Packets get lost, corrupted, duplicated, and reordered. That’s just how the internet works. TCP shields developers from these issues. It handles retransmission, checksums, and a gazillion other reliability mechanisms. If every developer had to implement those themselves, they’d never have time to properly align their flexboxes, a truly horrendous alternate universe.

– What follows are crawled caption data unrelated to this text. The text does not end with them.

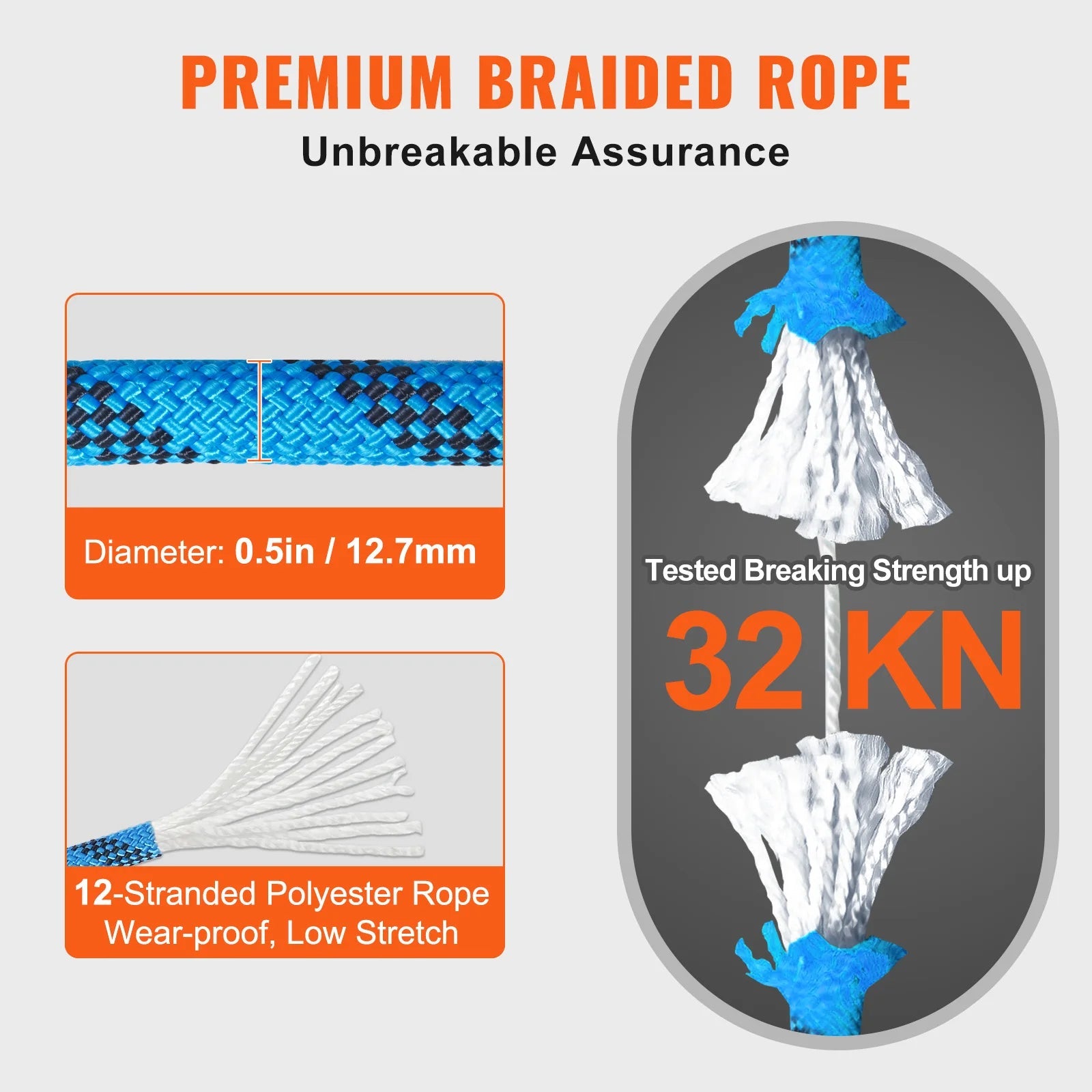 VEVOR 12.7mm Static Climbing Rope 125/150/200ft WildPeak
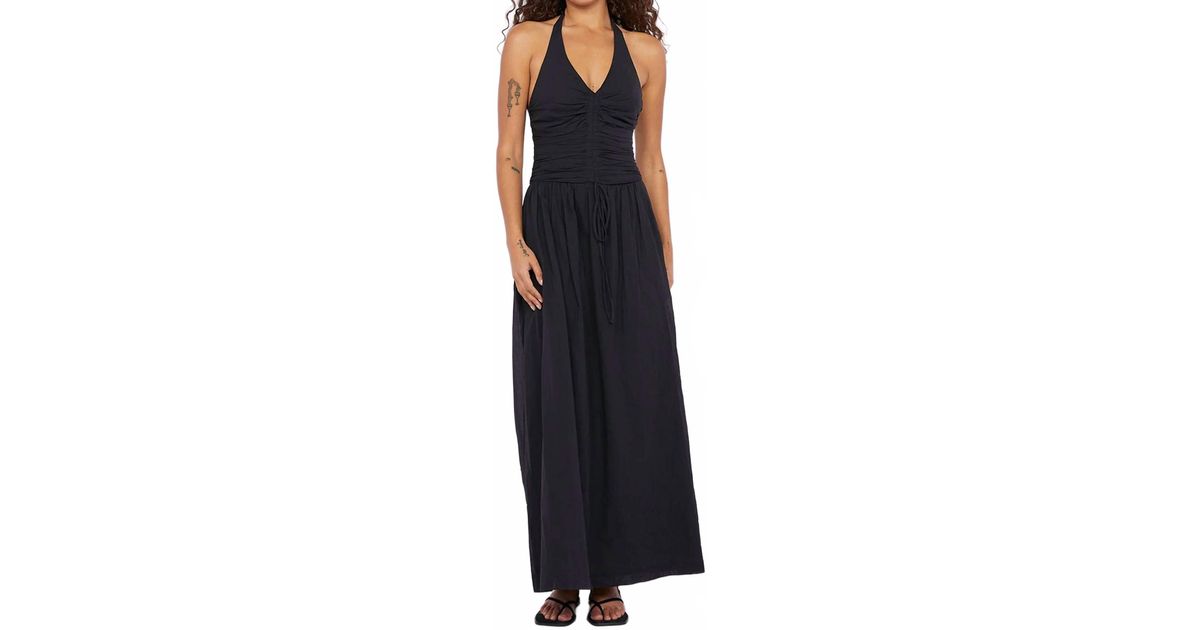 black long dress halter neck Halter Neck Frill Jersey Maxi Dress, Black – Jolie Moi Retail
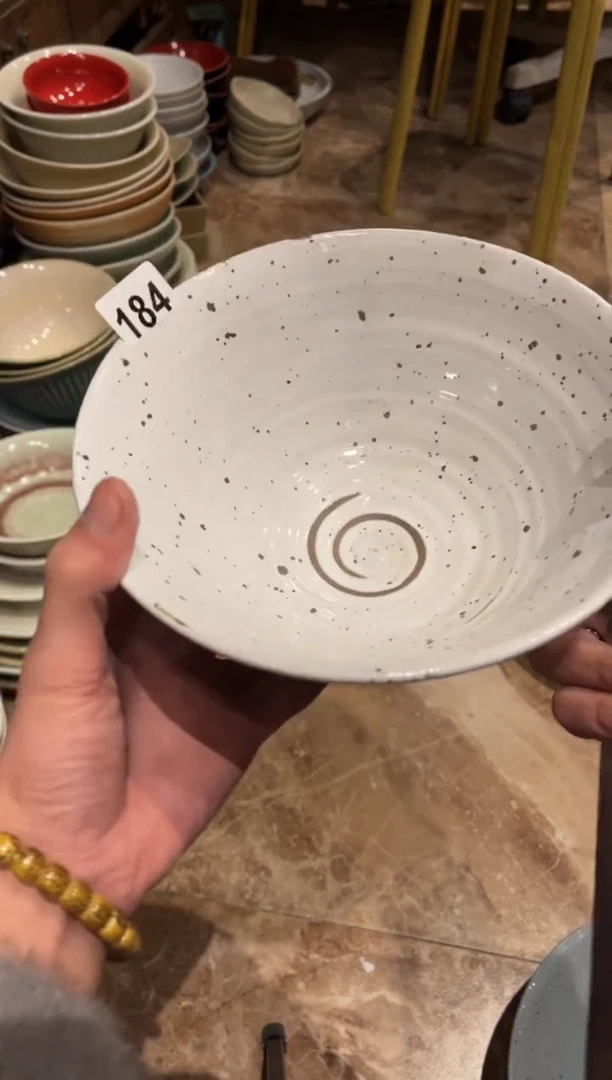 【闪购商品】瓷片184白麻点手工斗笠面前1个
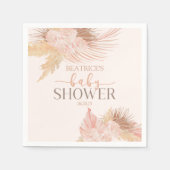 Serviette En Papier Boho Soft Rose Floral Baby shower (Devant)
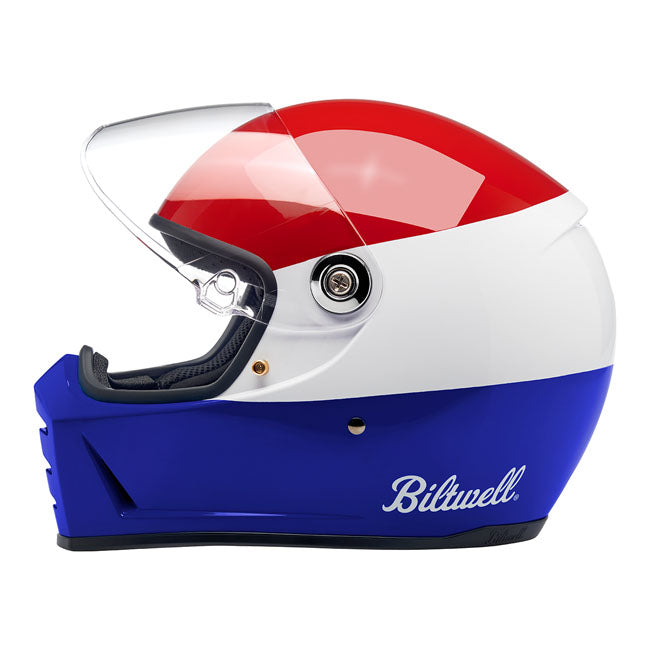 Biltwell Lane Splitter Helmet Podium Gloss Red / White / Blue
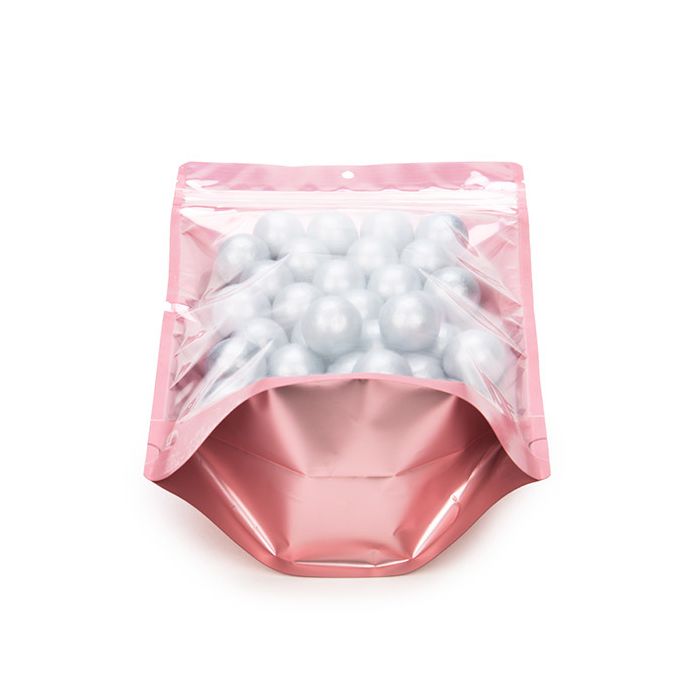 Standbodenbeutel Transparent/Rosé Gold 17.1x8.9x28.6cm | 340 Gramm (100 Stück) [ZBGRG4]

Jokes aside, the guarantee that data sent and received over a socket isn’t corrupted, duplicated, or out of order, despite the underlying network being unreliable, is exactly why TCP is awesome.

Flow and Congestion Control

When you step back and think about network communication, here’s what we’re really trying to do: machine A sends data to machine B. Machine B has a finite amount of space and must store the incoming data somewhere before passing it to the application, which might be asleep or busy. This temporary storage takes the name of a receive buffer and is managed by the kernel:

sysctl net.ipv4.tcp_rmem => net.ipv4.tcp_rmem = 4096 131072 6291456, a min of 4k, default of 128k and max of 8M.

The problem is that space is finite. If you’re transferring a large file (hundreds of MBs or even GBs), you could easily overwhelm the destination. The receiver therefore needs a way to tell the sender how much more data it can handle. This mechanism is called flow control, and TCP segments include a field called the window, which specifies how much data the receiver is currently willing to accept.

Another issue is overwhelming the network itself, even if the receiving machine has plenty of buffer space. You’re only as strong as your weakest link: some links carry gigabits, others only megabits. If you don’t tune for the slowest link, congestion is inevitable.

Fun fact: in 1986, the Internet’s bandwidth dropped from a few dozen KB/s to as low as 40 bps (yes, bits per second! yes, those numbers are wild!), in what became known as congestion collapse. When packets were lost and systems retried sending them, they made congestion even worse: a doom loop. To fix this, TCP incorporated ‘play nice’ and ‘back off’ behaviors known as congestion control, which help prevent the Internet from clogging itself to death.

Some Code: A Plain TCP Server

With all low-level things like TCP, C examples are the way to go. Just show it like it is.

1
2
3
4
5
6
7
8
9
10
11
12
13
14
15
16
17
18
19
20
21
22
23
24
25
26
27
28
29
30
31
32
33
34
35
36
37
38
#include <stdio.h>
#include <stdlib.h>
#include <string.h>
#include <unistd.h>
#include <arpa/inet.h>
#include <signal.h>

int sockfd = -1, clientfd = -1;
void handle_sigint(int sig) {
    printf("\nCtrl+C caught, shutting down...\n");
    if (clientfd != -1) close(clientfd);
    if (sockfd != -1) close(sockfd);
    exit(0);
}

int main() {
    signal(SIGINT, handle_sigint);
    sockfd = socket(AF_INET, SOCK_STREAM, 0);
    int opt = 1;
    // SO_REUSEADDR to force bind to the port even if an older socket is still terminating (TIME_WAIT)
    setsockopt(sockfd, SOL_SOCKET, SO_REUSEADDR, &opt, sizeof(opt));

    struct sockaddr_in addr = { .sin_family = AF_INET, .sin_port = htons(8080), .sin_addr.s_addr = INADDR_ANY };
    bind(sockfd, (struct sockaddr*)&addr, sizeof(addr));
    listen(sockfd, 5);
    printf("Listening on 8080...\n");

    clientfd = accept(sockfd, NULL, NULL);
    char buf[1024], out[2048];
    int n;
    while ((n = recv(clientfd, buf, sizeof(buf) - 1, 0)) > 0) {
        buf[n] = '\0';
        int m = snprintf(out, sizeof(out), "you sent: %s", buf);
        printf("response %s %d\n", out, m);
        send(clientfd, out, m, 0);
    }
    close(clientfd); close(sockfd);
}

This create a TCP server that echoes what the client sends prefixed with ‘You sent:’.

1
2
3
4
5
6
# compile and run server
gcc -o server server.c  && ./server
# connect client
telnet 127.0.0.1 8080
# hi
# you sent: hi

127.0.0.1 (localhost) could be replace with a remote IP and it should work all the same.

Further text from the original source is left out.